1945 Peace. World War II ends.

1945 Discharged, honorably, from U.S. Navy.

1945 Civil War in China.

1946 First show at Betty Parsons Gallery.

1946 Attacks E.E. Cummings for comments on Krazy Kat.

1946 Fired from Newspaper PM.

1947 India gains independence.

1947 Begins teaching at Brooklyn College.

1948 Helps found Artists’ Club but doesn’t help paint walls or sweep floors.

1948 Israel gains independence.

1948 Talks at “Subjects of the Artists“ School on “Detachment and Involvement“ against all involvements.

1949 Irish Republic established.

1949 Paints water colors in Virgin Islands waiting for divorce.

1950 Edits book with Robert Motherwell.

1950 Protests with “lrascibles” against Metropolitan Museum for being against avant-garde art.

1950 Makes cartoon called Abstraction Crowned at the Whitney.

1951 Argues with John Sloan about Jackson Pollock in Taos.

1951 Matisse cuts up colored papers.

1952 Debates for several weeks on “The Hess Problem” at Artists’ Club.

1952 Farouk abdicates Egyptian throne.

1953 Gives up principles of asymmetry and irregularity in painting.

1953 Paints last paintings in bright colors.

1953 Visits Greece.

1954 Daughter born.

1954 Cambodia, Laos, Vietnam achieve independence.

1954 Macdonald Wright returns to Abstract Art.

1955 Listed in Fortune magazine as one of top twelve investments in Art market.

1956 Borrows money from bank to travel.

1956 Suez crisis.

1956 Makes last cartoon, a mandala.

1957 Willem DeKooning says in the Chuckwagon,“The rich are all right.”

1957 Buys Pearl Bailey’s record, “They’re good enough for me.”

1957 Forms SPOAF (Society for the Protection of Our Artist Friends) (from themselves), after reading “Nature in Abstraction” statements.

1958 Creates first Non-Happening, shows two thousand color-slides at Artists’ Club.

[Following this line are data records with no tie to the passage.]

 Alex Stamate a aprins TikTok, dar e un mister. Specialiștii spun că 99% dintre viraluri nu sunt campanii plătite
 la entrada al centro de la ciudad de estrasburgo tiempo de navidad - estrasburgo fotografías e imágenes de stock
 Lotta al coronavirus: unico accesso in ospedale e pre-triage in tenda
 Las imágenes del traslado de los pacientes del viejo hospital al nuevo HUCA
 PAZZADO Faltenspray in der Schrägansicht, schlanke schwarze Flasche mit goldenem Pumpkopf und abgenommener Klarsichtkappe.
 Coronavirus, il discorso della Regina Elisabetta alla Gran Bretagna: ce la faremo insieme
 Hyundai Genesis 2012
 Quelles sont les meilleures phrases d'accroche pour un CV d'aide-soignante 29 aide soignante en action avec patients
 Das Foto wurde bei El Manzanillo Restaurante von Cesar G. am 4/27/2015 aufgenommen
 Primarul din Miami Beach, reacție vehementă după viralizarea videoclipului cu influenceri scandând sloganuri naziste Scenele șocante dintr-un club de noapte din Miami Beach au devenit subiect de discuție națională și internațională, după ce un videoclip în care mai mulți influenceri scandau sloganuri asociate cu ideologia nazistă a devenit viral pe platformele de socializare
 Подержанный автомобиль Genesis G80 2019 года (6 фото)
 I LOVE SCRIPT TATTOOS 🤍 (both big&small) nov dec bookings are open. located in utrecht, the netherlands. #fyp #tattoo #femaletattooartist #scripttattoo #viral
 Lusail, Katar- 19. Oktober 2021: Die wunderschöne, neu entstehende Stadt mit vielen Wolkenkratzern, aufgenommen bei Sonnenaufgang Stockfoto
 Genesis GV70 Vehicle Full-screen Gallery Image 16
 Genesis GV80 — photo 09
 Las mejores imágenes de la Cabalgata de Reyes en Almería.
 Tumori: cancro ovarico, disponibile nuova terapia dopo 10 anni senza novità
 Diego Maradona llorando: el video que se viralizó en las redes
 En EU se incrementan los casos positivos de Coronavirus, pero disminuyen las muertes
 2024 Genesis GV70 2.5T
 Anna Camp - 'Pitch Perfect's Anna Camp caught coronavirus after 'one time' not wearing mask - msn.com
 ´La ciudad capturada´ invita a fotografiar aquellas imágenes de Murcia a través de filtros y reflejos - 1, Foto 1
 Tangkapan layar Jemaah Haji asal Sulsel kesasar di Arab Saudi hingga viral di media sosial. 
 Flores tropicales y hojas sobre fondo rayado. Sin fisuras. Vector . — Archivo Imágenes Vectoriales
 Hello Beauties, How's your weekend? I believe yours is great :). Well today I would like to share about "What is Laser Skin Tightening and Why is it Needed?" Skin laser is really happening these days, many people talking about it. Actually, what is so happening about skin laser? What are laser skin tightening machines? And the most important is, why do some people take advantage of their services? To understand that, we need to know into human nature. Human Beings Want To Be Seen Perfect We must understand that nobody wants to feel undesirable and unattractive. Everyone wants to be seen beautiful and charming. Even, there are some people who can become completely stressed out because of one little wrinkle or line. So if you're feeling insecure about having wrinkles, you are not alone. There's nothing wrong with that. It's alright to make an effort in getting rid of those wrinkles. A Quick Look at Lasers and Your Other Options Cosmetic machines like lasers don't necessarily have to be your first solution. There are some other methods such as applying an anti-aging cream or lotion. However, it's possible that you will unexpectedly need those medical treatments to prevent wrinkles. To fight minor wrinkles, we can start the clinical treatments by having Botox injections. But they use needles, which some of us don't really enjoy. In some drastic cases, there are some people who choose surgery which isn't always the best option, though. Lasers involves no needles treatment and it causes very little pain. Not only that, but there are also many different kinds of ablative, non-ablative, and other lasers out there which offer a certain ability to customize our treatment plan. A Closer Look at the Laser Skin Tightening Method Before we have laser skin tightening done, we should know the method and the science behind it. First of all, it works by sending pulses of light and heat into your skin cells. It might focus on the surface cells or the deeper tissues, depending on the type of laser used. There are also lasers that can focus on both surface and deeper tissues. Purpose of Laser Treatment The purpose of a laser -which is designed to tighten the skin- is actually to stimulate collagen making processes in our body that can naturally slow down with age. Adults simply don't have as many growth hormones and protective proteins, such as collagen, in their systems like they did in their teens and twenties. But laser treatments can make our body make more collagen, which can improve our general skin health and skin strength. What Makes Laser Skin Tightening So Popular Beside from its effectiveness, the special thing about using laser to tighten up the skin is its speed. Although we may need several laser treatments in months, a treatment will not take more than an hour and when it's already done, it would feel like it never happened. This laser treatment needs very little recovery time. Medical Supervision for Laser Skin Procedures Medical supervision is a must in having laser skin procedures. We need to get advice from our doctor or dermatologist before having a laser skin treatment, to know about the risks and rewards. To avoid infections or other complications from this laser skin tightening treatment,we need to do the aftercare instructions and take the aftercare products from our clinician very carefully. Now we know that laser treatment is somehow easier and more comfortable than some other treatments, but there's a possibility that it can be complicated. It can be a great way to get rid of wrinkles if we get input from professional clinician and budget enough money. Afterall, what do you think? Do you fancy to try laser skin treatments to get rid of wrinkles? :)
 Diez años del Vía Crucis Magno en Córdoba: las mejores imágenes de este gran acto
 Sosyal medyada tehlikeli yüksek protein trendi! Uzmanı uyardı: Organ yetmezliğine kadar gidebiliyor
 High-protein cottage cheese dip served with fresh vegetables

1958 Visits Japan, India, Persia, Egypt.

1959 Castro Revolution in Cuba.

1959 U.S. makes first radar contact with Venus.

1960 Writes about Buddha images.

1960 France explodes nuclear bomb.

1961 Visits Turkey, Syria, Jordan.

1961 Bay of Pigs fiasco.

1961 Protests Guggenheim Museum’s “Abstract Expressionist and Imagist” history.

1962 Protests Whitney Museum’s “Geometric Abstraction” history.

1962 Plan for “Ad Reinhardt Museum” is projected.

1962 Algerian independence.

1962 Speaks at First Conference on Aesthetic Responsibility.

1963 Dissents from Dissent magazine’s dissent from “Artists’ Committee to Free Siqueiros” from prison.

1963 Profumo Scandal in England.

1963 Six paintings in New York and six paintings in Paris get marked up and have to be roped off from the public.

1964 Ten paintings in London get marked up.

1964 China explodes atomic bomb.

1965 Man walks in space.

1966 One hundred twenty paintings at Jewish Museum.